[Stored data]
○ ○ ○ ○

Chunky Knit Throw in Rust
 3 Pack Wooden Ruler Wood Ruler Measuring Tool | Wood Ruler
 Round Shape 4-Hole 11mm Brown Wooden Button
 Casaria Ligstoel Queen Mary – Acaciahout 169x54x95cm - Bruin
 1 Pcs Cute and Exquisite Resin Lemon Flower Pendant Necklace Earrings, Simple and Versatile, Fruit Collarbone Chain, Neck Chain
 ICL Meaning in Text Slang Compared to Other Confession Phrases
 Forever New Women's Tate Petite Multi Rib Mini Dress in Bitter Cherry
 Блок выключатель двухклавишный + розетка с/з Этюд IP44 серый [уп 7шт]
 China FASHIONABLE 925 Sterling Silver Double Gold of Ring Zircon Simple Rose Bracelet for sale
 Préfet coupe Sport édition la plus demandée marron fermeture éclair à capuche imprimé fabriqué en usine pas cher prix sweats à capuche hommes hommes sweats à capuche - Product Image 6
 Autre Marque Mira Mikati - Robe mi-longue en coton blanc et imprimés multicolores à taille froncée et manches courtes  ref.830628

○ ○ ○ ○

* _Task statement_
Return all of the above records exactly, leaving no line out.

* _Problem solution_
Chunky Knit Throw in Rust
 3 Pack Wooden Ruler Wood Ruler Measuring Tool | Wood Ruler
 Round Shape 4-Hole 11mm Brown Wooden Button
 Casaria Ligstoel Queen Mary – Acaciahout 169x54x95cm - Bruin
 1 Pcs Cute and Exquisite Resin Lemon Flower Pendant Necklace Earrings, Simple and Versatile, Fruit Collarbone Chain, Neck Chain
 ICL Meaning in Text Slang Compared to Other Confession Phrases
 Forever New Women's Tate Petite Multi Rib Mini Dress in Bitter Cherry
 Блок выключатель двухклавишный + розетка с/з Этюд IP44 серый [уп 7шт]
 China FASHIONABLE 925 Sterling Silver Double Gold of Ring Zircon Simple Rose Bracelet for sale
 Préfet coupe Sport édition la plus demandée marron fermeture éclair à capuche imprimé fabriqué en usine pas cher prix sweats à capuche hommes hommes sweats à capuche - Product Image 6
 Autre Marque Mira Mikati - Robe mi-longue en coton blanc et imprimés multicolores à taille froncée et manches courtes  ref.830628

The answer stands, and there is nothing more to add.